Auggie knew she was bruised, and her arms being bound behind her back had made her shoulders ache. He was careful with her as he held her.
"Your sister called," Auggie said. "I told her you'd had a stapler accident, but you were fine, and you'd give her a call in a bit."
"Uh oh," Annie said, looking at Auggie with his little grin on his face as he flicked a shrug.
"She's fine," he said to her after a second. "She knows you're with me now, and I won't let anything happen to you."

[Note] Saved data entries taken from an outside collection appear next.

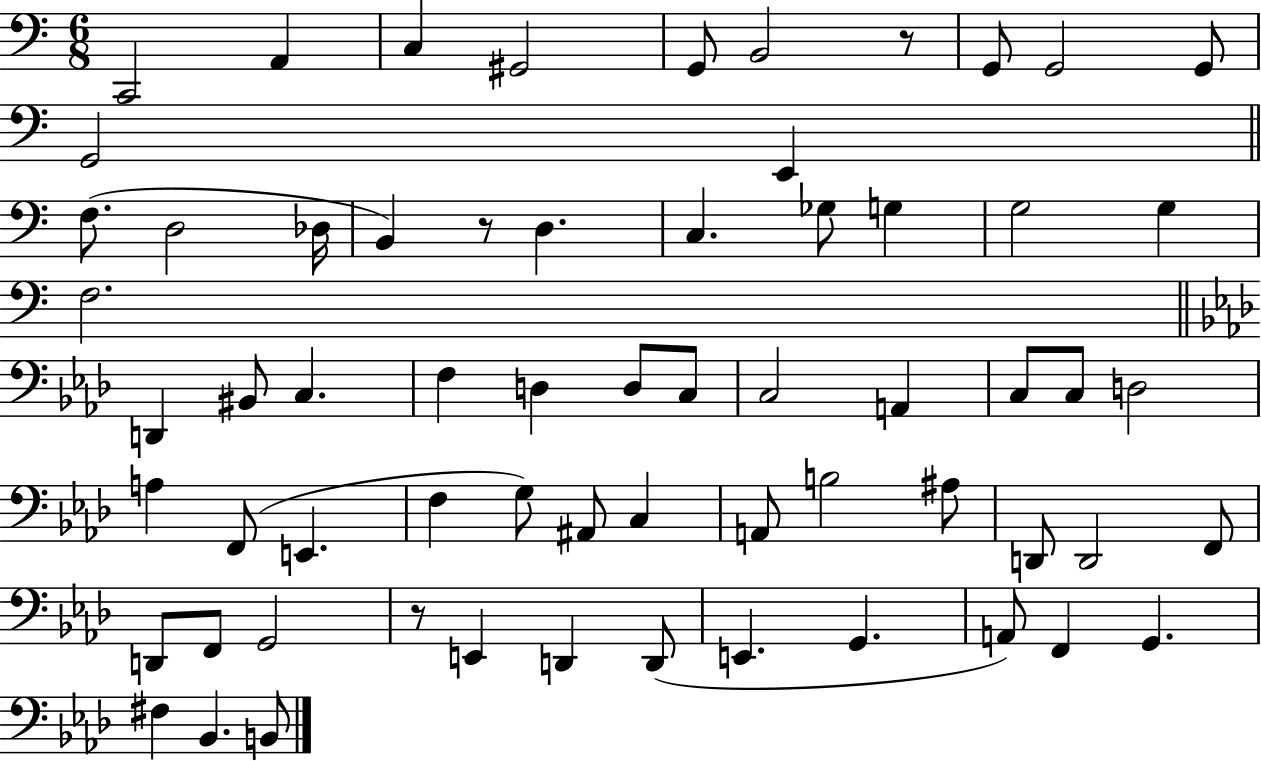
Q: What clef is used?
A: bass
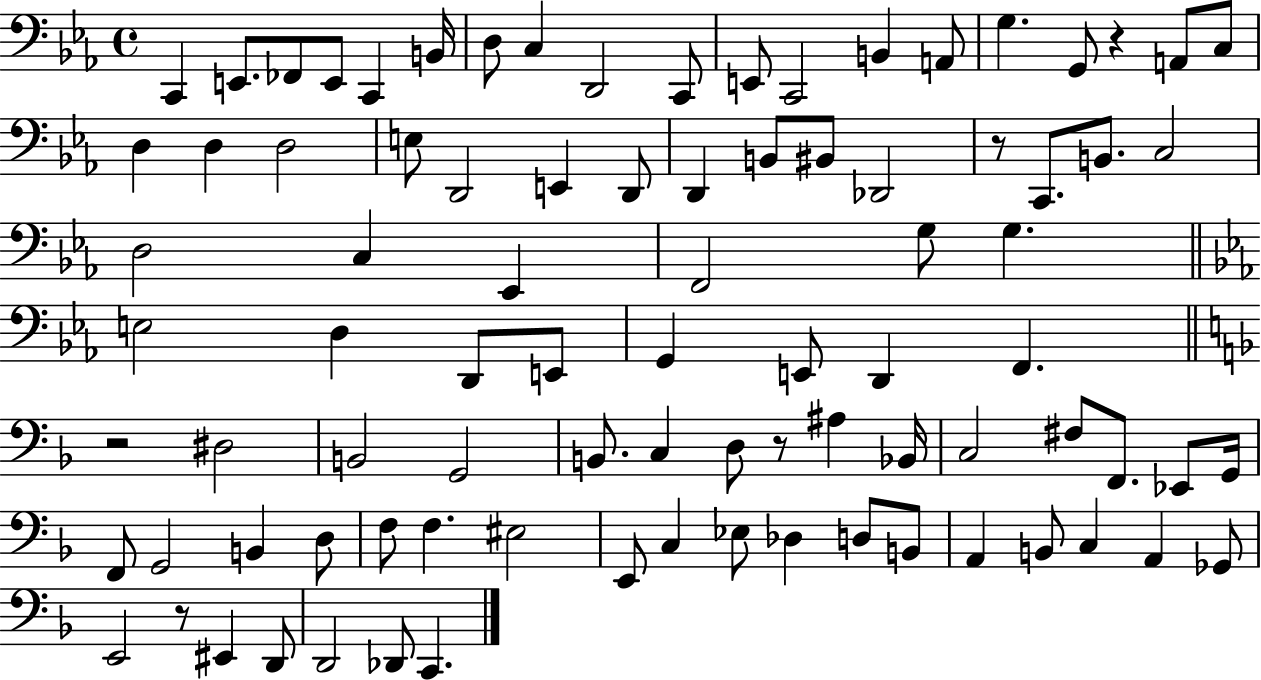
C2/q E2/e. FES2/e E2/e C2/q B2/s D3/e C3/q D2/h C2/e E2/e C2/h B2/q A2/e G3/q. G2/e R/q A2/e C3/e D3/q D3/q D3/h E3/e D2/h E2/q D2/e D2/q B2/e BIS2/e Db2/h R/e C2/e. B2/e. C3/h D3/h C3/q Eb2/q F2/h G3/e G3/q. E3/h D3/q D2/e E2/e G2/q E2/e D2/q F2/q. R/h D#3/h B2/h G2/h B2/e. C3/q D3/e R/e A#3/q Bb2/s C3/h F#3/e F2/e. Eb2/e G2/s F2/e G2/h B2/q D3/e F3/e F3/q. EIS3/h E2/e C3/q Eb3/e Db3/q D3/e B2/e A2/q B2/e C3/q A2/q Gb2/e E2/h R/e EIS2/q D2/e D2/h Db2/e C2/q.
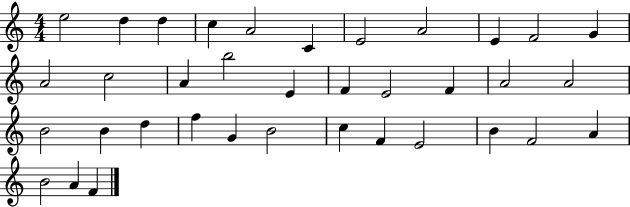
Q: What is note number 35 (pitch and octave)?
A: A4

He had been so terrified that he had let something happened to her. When Belenko had said he had her, Auggie had felt nauseous and dizzy. It troubled him that Belenko had led Annie off, not even knowing Auggie was down the river investigating his warehouse. It troubled him that it had been that easy for Belenko to grab her. That she hadn't been expecting him, she was only following a lead she'd gotten earlier about a hideout in Bowling Green. Auggie knew that Annie had not been taken for long, Belenko and one of his men had grabbed her and drugged her so she wouldn't be any trouble, and tied her up in Belenko's hideout. He'd gone to the warehouse with his henchmen to do their daily check on the site, and Auggie could only assume he was waiting for Auggie to leave work, wondering where Annie was, and worried enough to be ready to come to her aid. Belenko was using Annie as bait to get Auggie, and Decker was sworn to protect Auggie. He would have come for him. Belenko would have had all three of them then, and he probably would have taken them to the warehouse to watch the next part of his plan. But James Decker had changed that plan.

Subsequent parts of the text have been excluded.